我在apache flink中使用twitter连接器,现在想在我的本地hdfs实例中保存一些流数据。在flink文档中有一个小的BucketerSink示例,但我的程序总是退出并出现以下错误:
Exception in thread "main" org.apache.flink.runtime.client.JobExecutionException: Job execution failed.
at org.apache.flink.runtime.jobmanager.JobManager$$anonfun$handleMessage$1$$anonfun$applyOrElse$7.apply$mcV$sp(JobManager.scala:933)
at org.apache.flink.runtime.jobmanager.JobManager$$anonfun$handleMessage$1$$anonfun$applyOrElse$7.apply(JobManager.scala:876)
at org.apache.flink.runtime.jobmanager.JobManager$$anonfun$handleMessage$1$$anonfun$applyOrElse$7.apply(JobManager.scala:876)
at scala.concurrent.impl.Future$PromiseCompletingRunnable.liftedTree1$1(Future.scala:24)
at scala.concurrent.impl.Future$PromiseCompletingRunnable.run(Future.scala:24)
at akka.dispatch.TaskInvocation.run(AbstractDispatcher.scala:40)
at akka.dispatch.ForkJoinExecutorConfigurator$AkkaForkJoinTask.exec(AbstractDispatcher.scala:397)
at scala.concurrent.forkjoin.ForkJoinTask.doExec(ForkJoinTask.java:260)
at scala.concurrent.forkjoin.ForkJoinPool$WorkQueue.runTask(ForkJoinPool.java:1339)
at scala.concurrent.forkjoin.ForkJoinPool.runWorker(ForkJoinPool.java:1979)
at scala.concurrent.forkjoin.ForkJoinWorkerThread.run(ForkJoinWorkerThread.java:107)
Caused by: java.lang.ExceptionInInitializerError
at org.apache.hadoop.util.StringUtils.<clinit>(StringUtils.java:76)
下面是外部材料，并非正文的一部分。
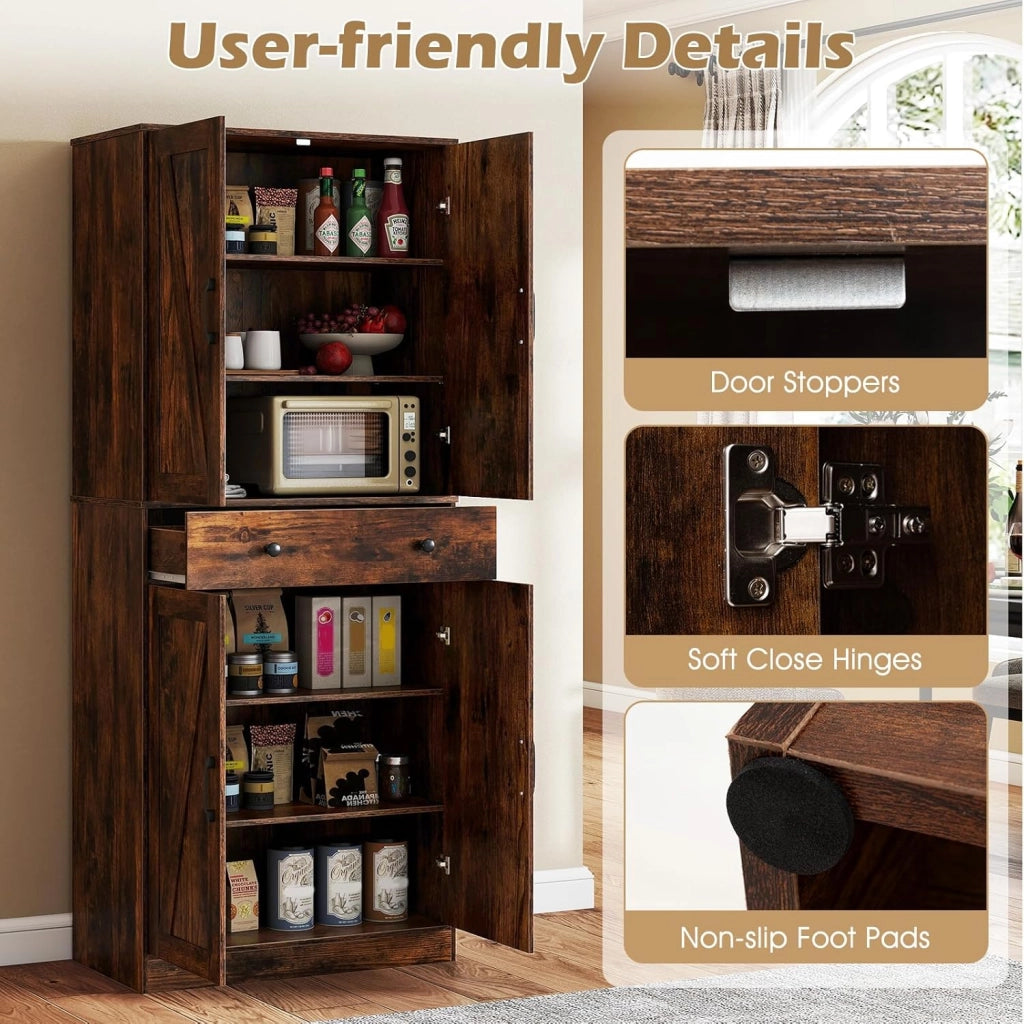 Armadio alto da cucina con 4 ante e 1 cassetto, dispensa in legno con ripiani regolabili, 77 x 39 x 183 cm, mobile per soggiorno, sala da pranzo, bagno (marrone)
at org.apache.hadoop.security.Groups.parseStaticMapping(Groups.java:92)
at org.apache.hadoop.security.Groups.<init>(Groups.java:76)
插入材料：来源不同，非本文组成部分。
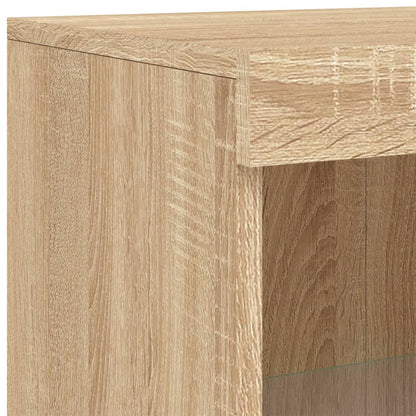 Credenza con Luci LED Rovere Sonoma 162x37x100 cm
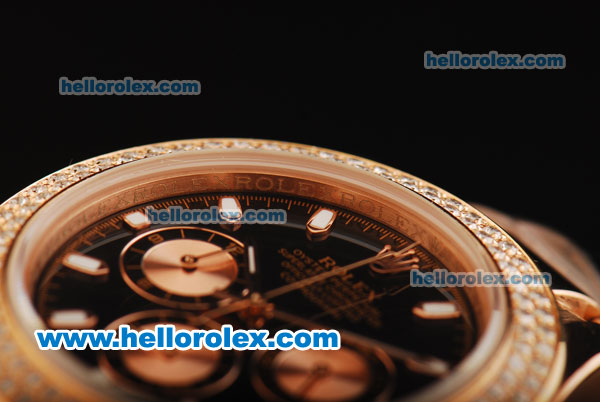 Rolex Daytona Chronograph Miyota Quartz Movement Full Rose Gold with Black Dial and Double Row Diamond Bezel - White Markers - Click Image to Close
at org.apache.hadoop.security.Groups.getUserToGroupsMappingService(Groups.java:239)
at org.apache.hadoop.security.UserGroupInformation.initialize(UserGroupInformation.java:255)
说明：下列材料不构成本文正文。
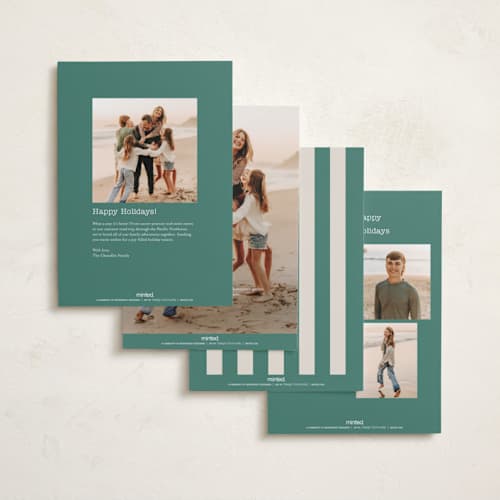This is a evergreen holiday photo cards with standard by Kristie Kern called the crew printing on recycled smooth signature in standard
at org.apache.hadoop.security.UserGroupInformation.ensureInitialized(UserGroupInformation.java:232)
at org.apache.hadoop.security.UserGroupInformation.loginUserFromSubject(UserGroupInformation.java:718)
at org.apache.hadoop.security.UserGroupInformation.getLoginUser(UserGroupInformation.java:703)
at org.apache.hadoop.security.UserGroupInformation.getCurrentUser(UserGroupInformation.java:605)
at org.apache.hadoop.fs.FileSystem$Cache$Key.<init>(FileSystem.java:2473)
at org.apache.hadoop.fs.FileSystem$Cache$Key.<init>(FileSystem.java:2465)
at org.apache.hadoop.fs.FileSystem$Cache.get(FileSystem.java:2331)
at org.apache.hadoop.fs.FileSystem.get(FileSystem.java:369)
at org.apache.hadoop.fs.Path.getFileSystem(Path.java:296)
at org.apache.flink.streaming.connectors.fs.bucketing.BucketingSink.initFileSystem(BucketingSink.java:418)
at org.apache.flink.streaming.connectors.fs.bucketing.BucketingSink.initializeState(BucketingSink.java:352)
at org.apache.flink.streaming.util.functions.StreamingFunctionUtils.tryRestoreFunction(StreamingFunctionUtils.java:177)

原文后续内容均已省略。